Interaction (ligand/protein) | Kd (µM), from DSF | Ki (µM), from enzyme assay |
---|---|---|
SULFA/h-CA I | 1134 ± 106 | 786 ± 60 |
SULFA/b-CA II | 106 ± 9 | 136 ± 5 |
ACTAZ/h-CA I | 7.2 ± 0.8 | 2.1 ± 0.2 |
ACTAZ/b-CA II | <0.5 | 0.48 ± 0.03 |
METAZ/h-CA I | 1.2 ± 0.1 | 1.9 ± 0.2 |
METAZ/b-CA II | 0.35 ± 0.03 | 0.52 ± 0.03 |
TFMSA/h-CA I | <0.5 | <1 |
TFMSA/b-CA II | <0.5 | 0.12 ± 0.04 |
Discussion
Limitations of using thermal unfolding to monitor ligand binding
The simplicity and practical advantages of the DSF format have made this experimental approach very popular, particularly for fragment screening. Nonetheless, there are important considerations that can limit its application with respect to certain ligands and/or proteins.
With respect to ligand screening, certain ligands can naturally interfere with the reporter dye through their own fluorescent properties1. In addition, certain ligands may interact with the unfolded protein3,38, or promiscuously form non-specific (or covalent) interactions with the protein63. Other ligands may also interact with the protein via a stoichiometry other than 1:1, or alternatively, and particularly for small fragment-like compounds, the ligand may interact with a single site on the protein surface using multiple binding modes with comparable affinities64. The isothermal formulation we present here does not yet consider any such scenarios, and it is currently restricted to stoichiometric 1:1 binding.
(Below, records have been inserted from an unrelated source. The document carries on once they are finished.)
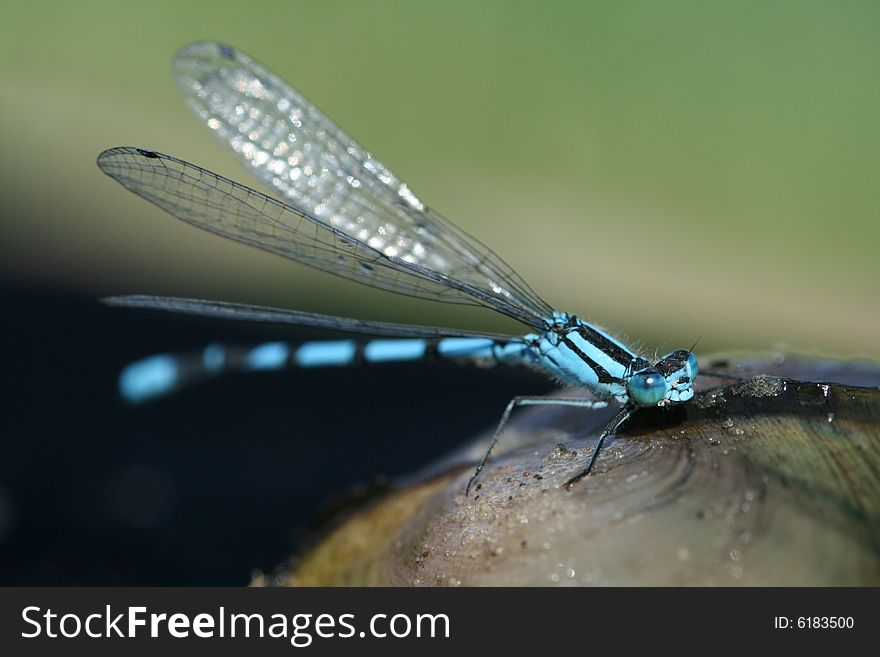 Close up photo with blue dragonfly. Close up photo with blue dragonfly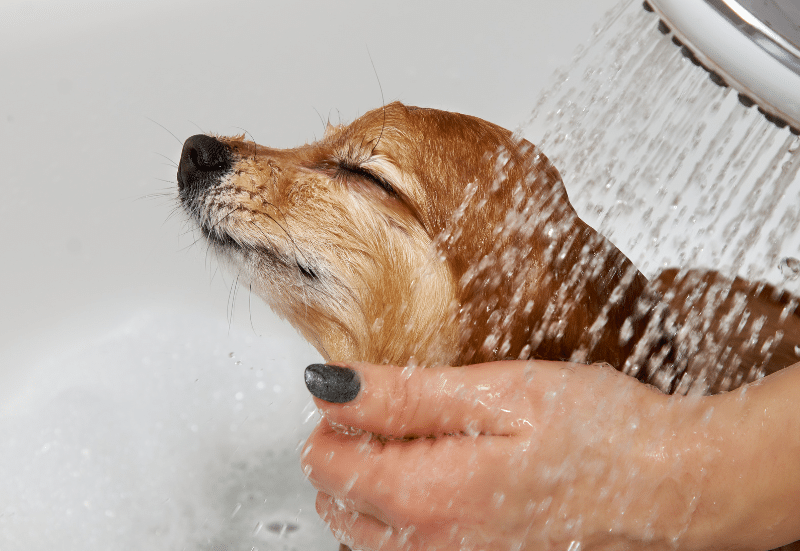 How to Get Your Dog's Coat Ready for Summer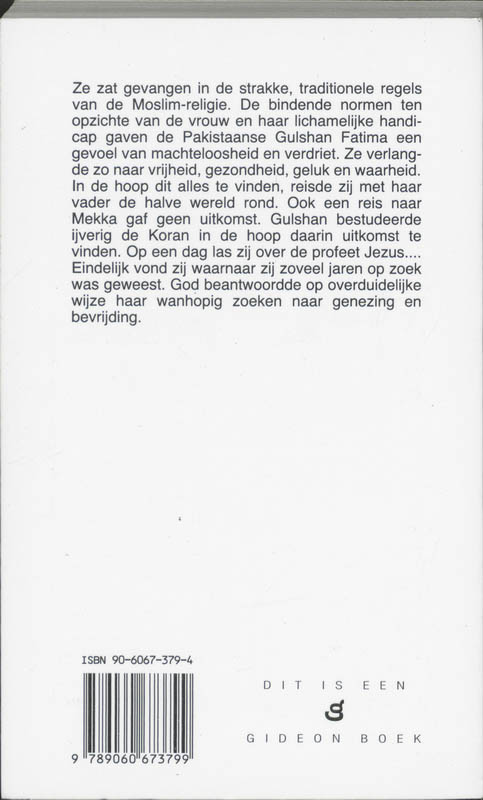Achterkant van De verscheurde sluier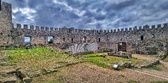Enlarge photo 433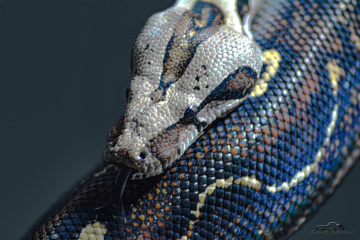 Boa Yılanı - Boa constrictor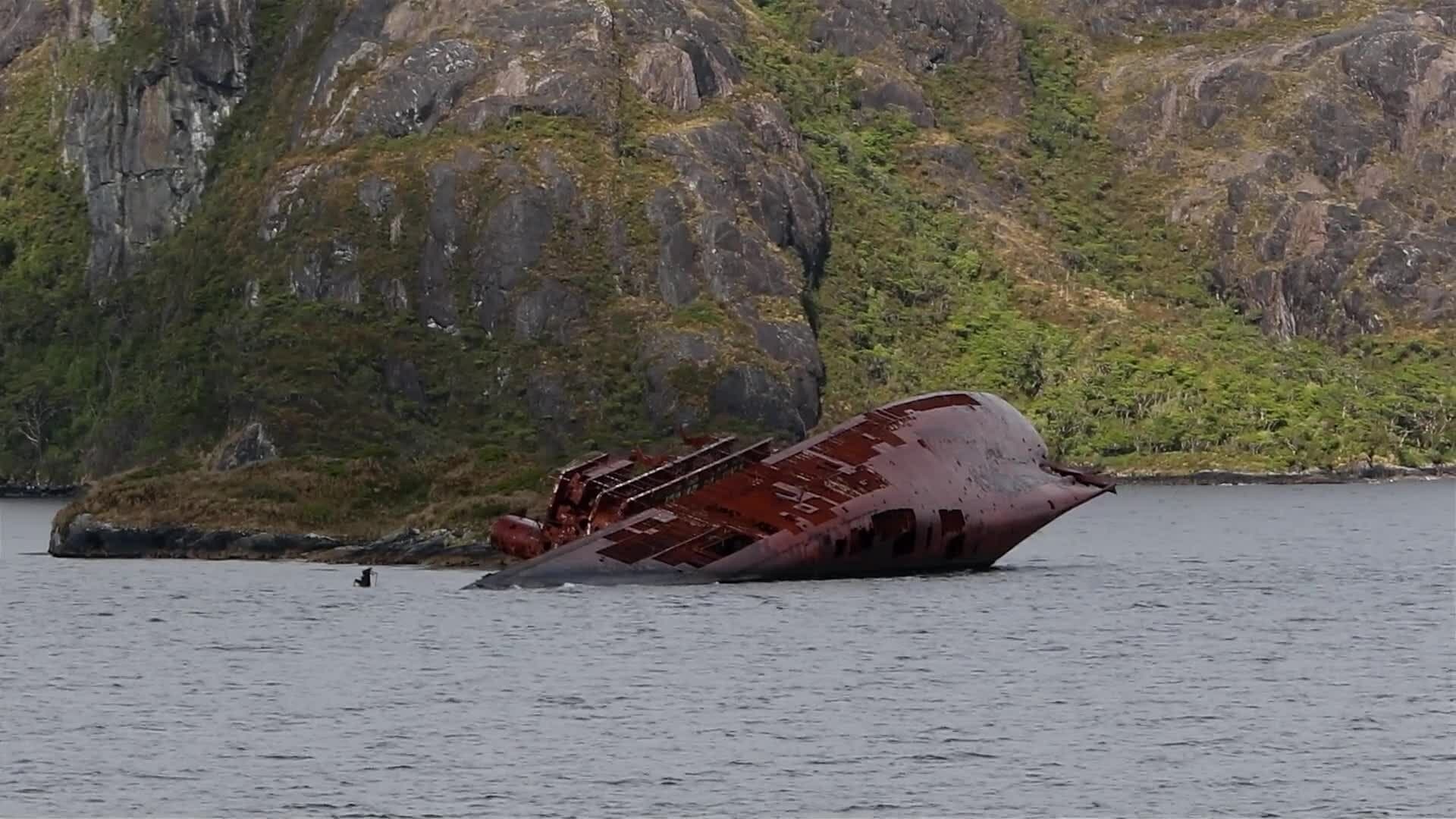 I WONDER - How Did Mermaids Enchant Sailors?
The protein to be studied is also subject to important restrictions. Most importantly, any equilibrium analysis involving protein folding assumes reversibility: this can be difficult to establish conclusively, and many proteins aggregate at elevated temperature. In the course of initiating the studies described here, we explicitly tested whether thermally-unfolded protein could be cooled, and then once again heated to yield the same thermal unfolding transition. In light of well-justified concerns about non-reversible unfolding and aggregation, a number of strategies have been proposed: these include using faster speeds for the unfolding process (to minimize the potential for aggregation)65,66 and including in the reaction dyes that explicitly detect protein aggregation67,68.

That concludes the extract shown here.